Na een langdurige beginperiode waarin de Hoge Raad voor alles de Nederlandse traditie van „deferentie” (T. Koopmans, Vergelijkend publiekrecht, 2e druk, Deventer, 1986, p. 76) jegens de wetgever trouw leek te willen blijven, is hij zich sinds het einde van de jaren zeventig (ook in dit opzicht) aanzienlijk activistischer gaan opstellen.

Zie: T. Koopmans, Receptivity and its Limits: The Dutch Case, in: St.J. Bates, W. Finnie, J.A. Usher, en H. Wildberg (red.), In Memoriam J.D.B. Mitchell, Londen, 1983, pp. 91-104.

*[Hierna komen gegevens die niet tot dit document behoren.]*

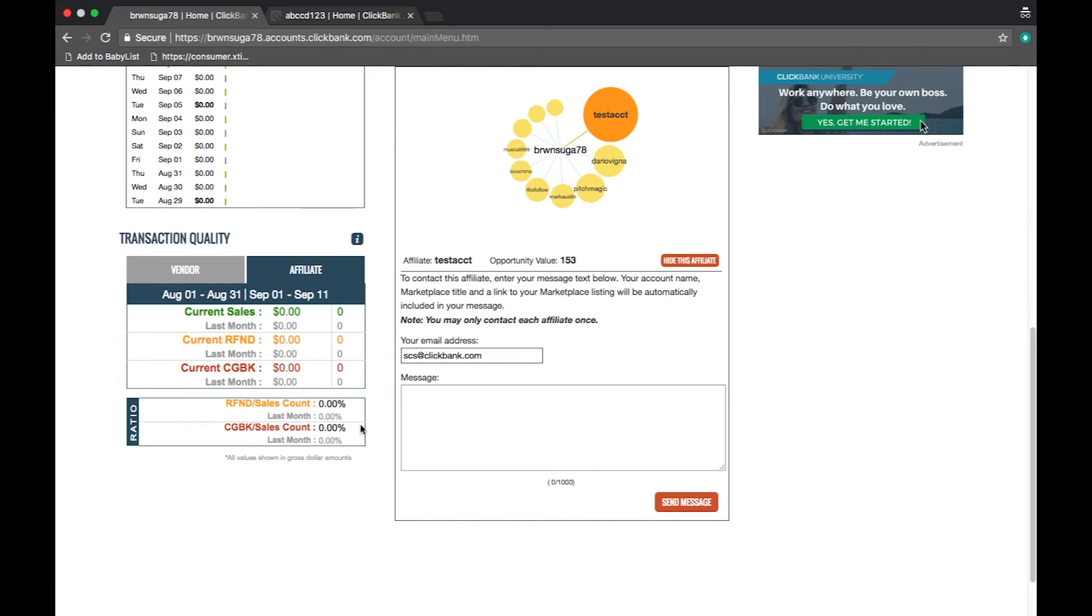For example, if you are a vendor and your chargeback rate is over 1% you will pay a higher fee for chargebacks and could have a higher return allowance.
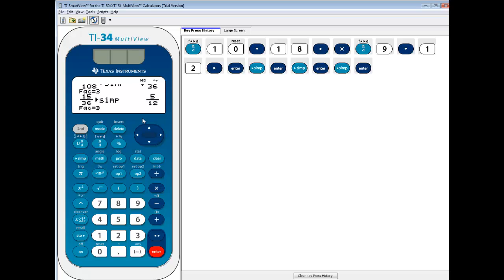Now, it doesn't go with the greatest number that divides it on top and bottom. It just thinks of the smallest number, prime-wise, that divides it on top and bottom. But 5 twelfths is our answer.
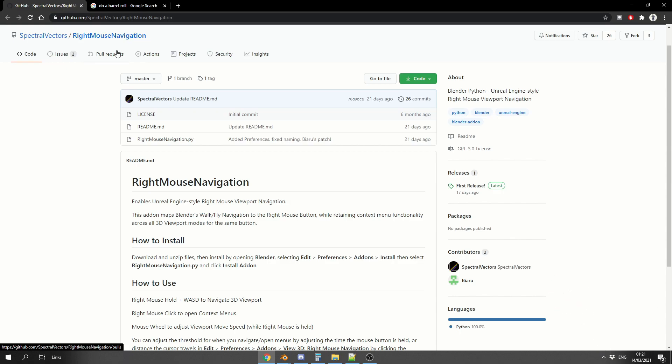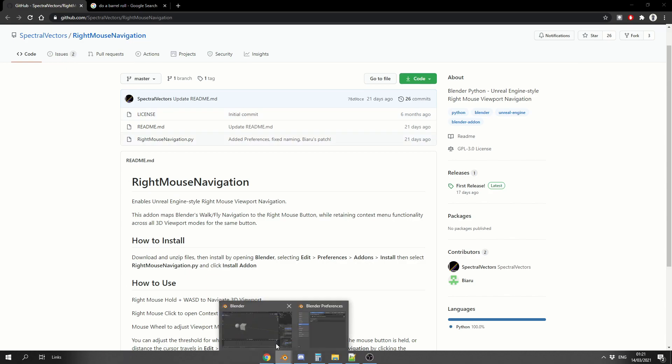But I'm taking a look at the right mouse navigation script. Now this is available for free, I'll put a link in the description down below if you want to check it out. And what this essentially does is it enables this kind of Unreal Engine style navigation. Now truth be told, what it actually does in Blender is it enables the walk navigation.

Vooral de laatste jaren is hiernaast de invloed van het Europese Verdrag voor de Rechten van de Mens en de fundamentele vrijheden (EVRM) op de rechtsvinding in het nationale recht toegenomen. Voorbeelden zijn de gevolgen die de jurisprudentie van het Europese Hof voor de Rechten van de Mens in Straatsburg inzake de in paragraaf 3.2 genoemde „fair trial” eisen van artikel 6 EVRM heeft gehad voor het Nederlandse procesrecht en de fundamentele veranderingen die – zonder wetswijziging – hebben plaatsgevonden op het terrein van het familierecht, in het bijzonder als gevolg van de zogenaamde voorjaarsbeschikkingen van 1986 van de Hoge Raad (HR 21 maart 1986, pp. 585-588). In deze arresten over het voogdijschap over kinderen na echtscheiding danwel buiten het huwelijk om, ging de Hoge Raad tegen de betreffende bepalingen uit het Burgerlijk Wetboek in.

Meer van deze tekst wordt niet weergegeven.